Disney World’s best rival just rocked the theme park industry

0


IIt was the pay hike heard in the Disney world. Comcastof (NASDAQ: CMCSA) Universal Orlando announced Thursday that it will pay all employees a minimum of $ 15 an hour starting June 27. Central Florida.

Rival Disney (NYSE: DIS) get there. Three summers ago, Disney World struck a deal with half a dozen unions representing the lion’s share of the resort’s employees. Disney was starting new employees at just $ 10 an hour at the time, but the deal calls for an increase in the size of House of Mouse until the new minimum hourly rate for “cast members.” no tip goes from $ 14 to $ 15 in October. With staffing becoming an issue in many consumer-facing businesses, victory in the “fight for $ 15” was inevitable.

It was supposed to be the summer that national theme parks and regional amusement parks have been waiting for two years. Can Theme Park Operators Thrive In The New Normal? Should investors start dividing winners from losers as wage inflation crushes the turnstiles? Let’s take a closer look at Comcast’s significant move.

Image source: Universal Orlando.

Take a ride

What if the country had a post-pandemic wake-up party and too many people were called sick? Many industries are currently suffering from a staffing crisis. This is evident in the restaurant industry. Even the major ridesharing companies are struggling, as the demand for transport and take-out deliveries is ahead of the supply of pilots.

We are already seeing ripples in the theme park industry, and that is before the peak summer travel season begins. Cedar Fairof (NYSE: FUN) The iconic Cedar Point recently turned heads to update its June availability. The park will be closed Tuesday and Wednesday for the next four weeks, due to the lack of employees to operate every day. Last week, he made the dramatic decision to double his pay to $ 20 an hour and offer a $ 500 signing bonus for new hires or hires. Raising labor costs will take a toll on the bottom line, but it’s better than not being open at all.

Universal Orlando and ultimately Disney paying $ 15 an hour will be easier to digest at closed attractions where day tickets run into triple digits, but you have to wonder about the competition. Third-largest theme park operator in Central Florida in terms of attendance SeaWorld Entertainment (NYSE: MER) – raised its hourly rate to $ 11 an hour at the end of 2018. It will not be able to stay there when its two biggest rivals pay 36% more.

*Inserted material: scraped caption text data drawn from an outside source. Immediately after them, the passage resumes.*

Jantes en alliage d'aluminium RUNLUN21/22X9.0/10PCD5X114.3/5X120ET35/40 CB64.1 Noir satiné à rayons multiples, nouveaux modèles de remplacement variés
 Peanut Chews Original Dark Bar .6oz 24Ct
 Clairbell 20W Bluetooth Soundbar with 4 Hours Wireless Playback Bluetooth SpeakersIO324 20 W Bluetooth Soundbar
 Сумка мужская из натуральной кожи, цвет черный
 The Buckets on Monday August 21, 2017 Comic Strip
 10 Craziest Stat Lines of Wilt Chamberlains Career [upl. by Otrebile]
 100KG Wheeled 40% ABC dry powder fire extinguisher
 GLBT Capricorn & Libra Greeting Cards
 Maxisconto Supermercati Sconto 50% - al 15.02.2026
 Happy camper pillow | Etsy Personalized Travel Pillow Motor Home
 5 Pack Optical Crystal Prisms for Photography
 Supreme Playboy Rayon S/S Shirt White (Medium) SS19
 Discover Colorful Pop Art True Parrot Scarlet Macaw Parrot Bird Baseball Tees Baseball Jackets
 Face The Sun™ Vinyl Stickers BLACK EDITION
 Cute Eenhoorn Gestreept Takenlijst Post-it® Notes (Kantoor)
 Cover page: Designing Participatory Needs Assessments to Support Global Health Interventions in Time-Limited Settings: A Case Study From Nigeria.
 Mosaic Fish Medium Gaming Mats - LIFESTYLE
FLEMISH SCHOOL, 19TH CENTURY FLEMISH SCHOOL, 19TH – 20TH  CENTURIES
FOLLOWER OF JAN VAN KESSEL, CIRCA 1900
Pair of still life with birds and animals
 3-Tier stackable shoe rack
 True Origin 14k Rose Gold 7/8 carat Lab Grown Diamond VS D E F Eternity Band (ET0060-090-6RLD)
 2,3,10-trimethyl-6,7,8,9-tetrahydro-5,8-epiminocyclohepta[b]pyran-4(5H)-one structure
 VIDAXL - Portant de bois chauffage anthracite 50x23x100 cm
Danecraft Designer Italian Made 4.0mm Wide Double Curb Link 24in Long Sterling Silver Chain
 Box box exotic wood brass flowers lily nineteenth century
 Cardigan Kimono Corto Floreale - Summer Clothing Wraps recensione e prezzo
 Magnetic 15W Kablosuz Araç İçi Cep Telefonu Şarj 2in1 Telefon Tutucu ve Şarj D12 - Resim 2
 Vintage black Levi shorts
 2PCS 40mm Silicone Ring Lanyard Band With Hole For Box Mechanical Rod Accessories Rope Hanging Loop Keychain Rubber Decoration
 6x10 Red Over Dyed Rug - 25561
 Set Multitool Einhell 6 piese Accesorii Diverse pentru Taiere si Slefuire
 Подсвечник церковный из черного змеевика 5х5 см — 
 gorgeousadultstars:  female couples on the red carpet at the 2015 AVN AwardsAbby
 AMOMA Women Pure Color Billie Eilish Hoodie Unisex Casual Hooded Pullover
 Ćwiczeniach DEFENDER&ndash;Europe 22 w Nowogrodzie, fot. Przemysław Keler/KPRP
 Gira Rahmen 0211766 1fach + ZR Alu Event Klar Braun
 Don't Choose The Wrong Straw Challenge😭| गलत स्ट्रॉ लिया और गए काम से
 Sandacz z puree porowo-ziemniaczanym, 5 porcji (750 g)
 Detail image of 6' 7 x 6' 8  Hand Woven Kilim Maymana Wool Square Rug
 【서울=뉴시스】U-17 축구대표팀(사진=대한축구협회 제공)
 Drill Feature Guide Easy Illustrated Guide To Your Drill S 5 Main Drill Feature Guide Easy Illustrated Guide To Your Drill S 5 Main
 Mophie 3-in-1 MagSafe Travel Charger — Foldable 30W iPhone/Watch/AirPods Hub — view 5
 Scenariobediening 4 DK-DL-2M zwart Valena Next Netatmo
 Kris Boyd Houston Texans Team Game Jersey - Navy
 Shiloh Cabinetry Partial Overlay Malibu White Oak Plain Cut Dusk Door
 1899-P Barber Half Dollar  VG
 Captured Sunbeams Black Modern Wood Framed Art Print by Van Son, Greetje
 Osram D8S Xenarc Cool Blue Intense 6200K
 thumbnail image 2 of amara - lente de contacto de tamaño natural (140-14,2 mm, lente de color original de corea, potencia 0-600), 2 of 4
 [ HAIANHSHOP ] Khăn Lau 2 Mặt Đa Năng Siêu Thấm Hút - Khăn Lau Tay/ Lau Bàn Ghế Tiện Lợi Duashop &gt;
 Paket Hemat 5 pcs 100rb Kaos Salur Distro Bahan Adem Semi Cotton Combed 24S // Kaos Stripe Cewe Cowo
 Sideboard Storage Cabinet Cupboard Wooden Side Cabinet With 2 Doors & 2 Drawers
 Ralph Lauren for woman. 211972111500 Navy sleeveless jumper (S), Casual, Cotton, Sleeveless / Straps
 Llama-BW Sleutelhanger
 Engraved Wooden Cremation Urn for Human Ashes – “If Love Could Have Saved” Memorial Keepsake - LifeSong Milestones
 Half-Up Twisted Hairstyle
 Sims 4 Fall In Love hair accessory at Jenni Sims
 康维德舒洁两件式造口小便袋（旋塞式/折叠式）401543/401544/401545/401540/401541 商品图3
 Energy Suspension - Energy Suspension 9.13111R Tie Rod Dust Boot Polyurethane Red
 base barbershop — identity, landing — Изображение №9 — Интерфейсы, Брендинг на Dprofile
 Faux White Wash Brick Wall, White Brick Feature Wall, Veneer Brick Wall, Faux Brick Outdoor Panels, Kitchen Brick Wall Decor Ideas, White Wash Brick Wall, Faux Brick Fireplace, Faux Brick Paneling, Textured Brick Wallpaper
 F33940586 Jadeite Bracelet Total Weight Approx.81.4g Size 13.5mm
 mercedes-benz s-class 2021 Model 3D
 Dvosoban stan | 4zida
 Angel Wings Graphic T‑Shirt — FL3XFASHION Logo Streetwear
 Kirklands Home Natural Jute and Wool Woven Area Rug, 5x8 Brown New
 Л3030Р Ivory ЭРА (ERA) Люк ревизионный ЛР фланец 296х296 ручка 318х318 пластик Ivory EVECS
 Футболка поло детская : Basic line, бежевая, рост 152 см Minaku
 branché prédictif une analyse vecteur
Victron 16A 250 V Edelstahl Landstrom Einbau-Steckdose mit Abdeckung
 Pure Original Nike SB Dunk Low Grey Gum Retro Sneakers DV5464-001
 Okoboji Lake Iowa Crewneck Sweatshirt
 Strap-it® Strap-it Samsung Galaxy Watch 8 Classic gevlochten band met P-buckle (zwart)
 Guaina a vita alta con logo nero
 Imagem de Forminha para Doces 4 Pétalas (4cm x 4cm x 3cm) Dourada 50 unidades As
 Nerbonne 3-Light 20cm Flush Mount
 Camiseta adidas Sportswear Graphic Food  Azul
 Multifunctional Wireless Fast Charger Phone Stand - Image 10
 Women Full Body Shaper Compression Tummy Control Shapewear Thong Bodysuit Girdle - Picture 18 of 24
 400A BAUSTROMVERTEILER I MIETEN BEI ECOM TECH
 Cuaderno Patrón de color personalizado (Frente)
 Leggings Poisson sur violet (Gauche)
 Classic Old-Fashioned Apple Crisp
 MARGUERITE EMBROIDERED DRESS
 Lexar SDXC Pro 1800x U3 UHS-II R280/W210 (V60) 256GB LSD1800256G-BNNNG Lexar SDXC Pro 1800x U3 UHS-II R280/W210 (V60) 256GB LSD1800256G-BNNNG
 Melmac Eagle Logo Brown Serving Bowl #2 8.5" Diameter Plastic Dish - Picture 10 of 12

SeaWorld Orlando employees may be passionate about the cause of marine life, but will it still hold up if we literally cut them down?

Paying more is easier said than done, especially now when a theme park’s profit potential is capped by seating capacity limits and travel restrictions are eating away at the center’s more lucrative customers. Florida. SeaWorld stock can be reach new heights, but keep an eye out for its operating schedule and continued delays in new rides due to debut in 2020. Investors are bidding leisure stocks ahead of what’s supposed to be a blazing summer season, but don’t forget to stress the point of work.

10 stocks we love better than Walt Disney
When investment geniuses David and Tom Gardner have stock advice, he can pay to listen. After all, the newsletter they’ve been distributing for over a decade, Motley Fool Fellowship Advisor, has tripled the market. *

David and Tom have just revealed what they believe to be the ten best stocks for investors to buy now … and Walt Disney was not one of them! That’s right – they think these 10 stocks are even better buys.

See the 10 actions

* Stock Advisor returns as of May 11, 2021

Rick munarriz owns shares of Walt Disney. The Motley Fool owns stocks and recommends Walt Disney. The Motley Fool recommends Cedar Fair and Comcast. The Motley Fool has a disclosure policy.

The views and opinions expressed herein are the views and opinions of the author and do not necessarily reflect those of Nasdaq, Inc.



Source link

Leave A Reply

Your email address will not be published.